Project Title
Enhancing Shared Decision-Making Among Young Adults with Serious Mental Illness
Grant Amount
$210,000
Priority Area
Empowering Health Care Consumers
Date Awarded
April 30, 2021
Region
NYC
Statewide
Status
In Progress
Website
For NYHealth, health equity is achieved when all people have the opportunities and resources they need to be as healthy as possible and no one is disadvantaged.
But in practice, patients—particularly people of color—are often marginalized rather than placed at the center of the health care system. Although all patients should be valued as partners, patients of color can face unique obstacles, including racism, bias, mistrust, and gaps in communication between patients and physicians. Engaging patients of color is an important step toward the development of a more equitable health system. To help ensure that patients’ priorities, preferences, and experiences guide efforts to create a more equitable health care system, NYHealth issued a Request for Proposals (RFP), “Patients as Partners: Advancing Equity.” Through this RFP, NYHealth is supporting projects that seek to implement system improvements, practice innovations, or interventions designed to give patients of color a meaningful role in their health care. In 2021, NYHealth awarded the Research Foundation of Mental Hygiene (RFMH) a grant to participate in this initiative.
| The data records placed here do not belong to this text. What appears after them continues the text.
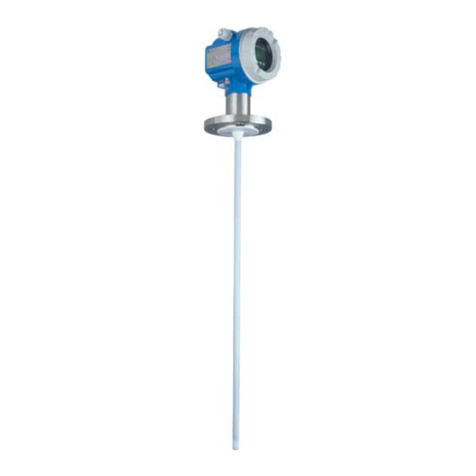 Endress+Hauser Levelflex M FMP41C User manual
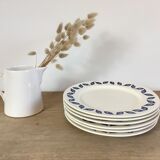 Flat plates blue leaves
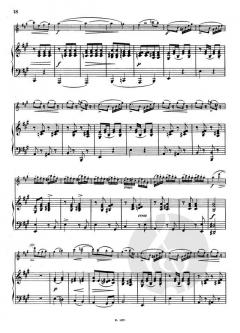 Arpeggione Sonate von Franz Schubert 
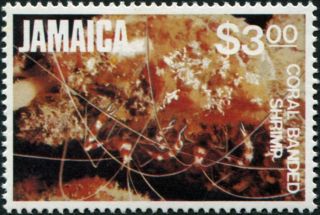Jamaica 1982 $3 Multicoloured Sg545 Cv £2.  50 Vf Mh Postage photo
Under this grant, RFMH developed and piloted an online model to improve mental health treatment and care for young people of color with serious mental illness. Evidence-based coordinated care for mental health conditions lead to improvements in symptoms, social functioning, quality of life, and treatment satisfaction. But there was a need to improve effective use of culturally informed shared decision-making approaches for patients of color. RFMH implemented learning modules to enhance culturally competent practices for OnTrackNY, an online treatment program sponsored by the New York State Office of Mental Health for adolescents and young adults experiencing symptoms of schizophrenia and other serious mental health issues. OnTrackNY engaged patients of color, incorporated their diverse perspectives into the learning modules, and improved knowledge of culturally adapted shared decision-making practices for both providers and patients. RFMH used a learning collaborative and focus groups to pilot the learning modules throughout OnTrackNY’s statewide network of behavioral health providers. RFMH also helped OnTrackNY disseminate the trainings more broadly among behavioral health clinicians across the State, as well as worked with health care partners to integrate shared decision-making approaches for patients of color experiencing early psychosis.